Begin at the line containing "Delicious fresh tangerines" and give again every line to the end of the records, exactly, without the pictures.

*** Begin section ***

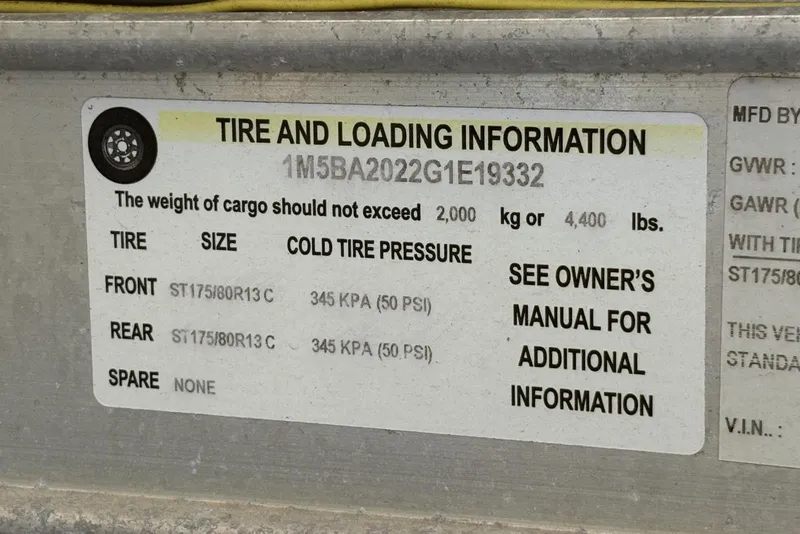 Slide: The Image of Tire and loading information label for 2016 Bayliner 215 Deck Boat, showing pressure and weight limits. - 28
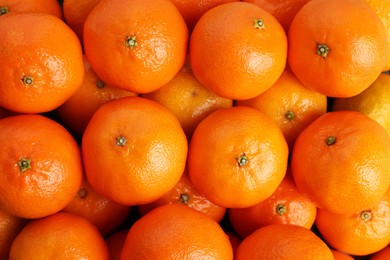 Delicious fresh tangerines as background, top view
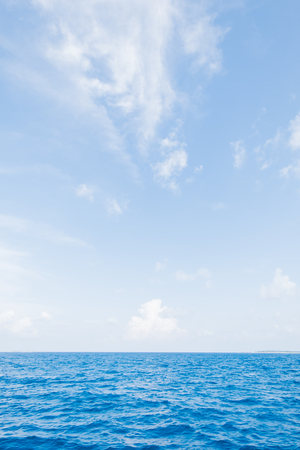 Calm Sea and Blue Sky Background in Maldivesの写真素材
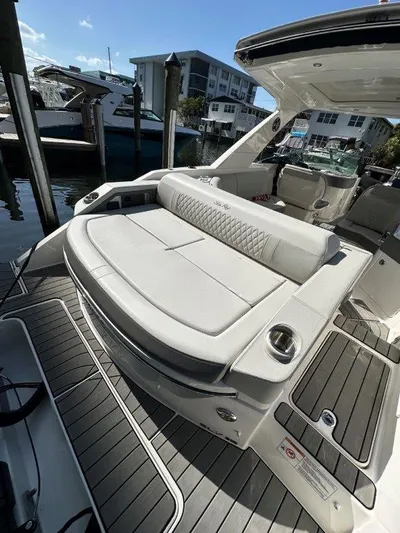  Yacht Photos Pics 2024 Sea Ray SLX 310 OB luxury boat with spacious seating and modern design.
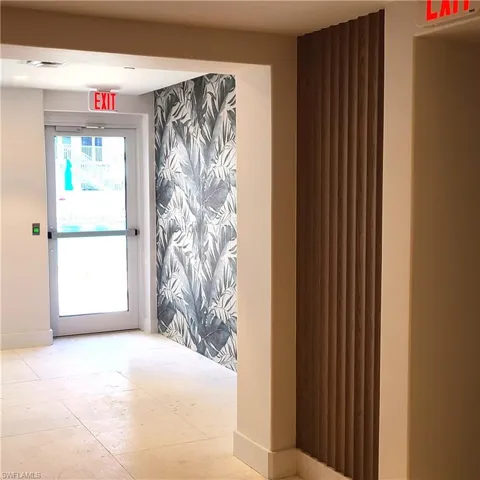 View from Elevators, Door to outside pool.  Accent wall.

*** End section ***

» RESPONSE BELOW
 Delicious fresh tangerines as background, top view
 Calm Sea and Blue Sky Background in Maldivesの写真素材
  Yacht Photos Pics 2024 Sea Ray SLX 310 OB luxury boat with spacious seating and modern design.
 View from Elevators, Door to outside pool.  Accent wall.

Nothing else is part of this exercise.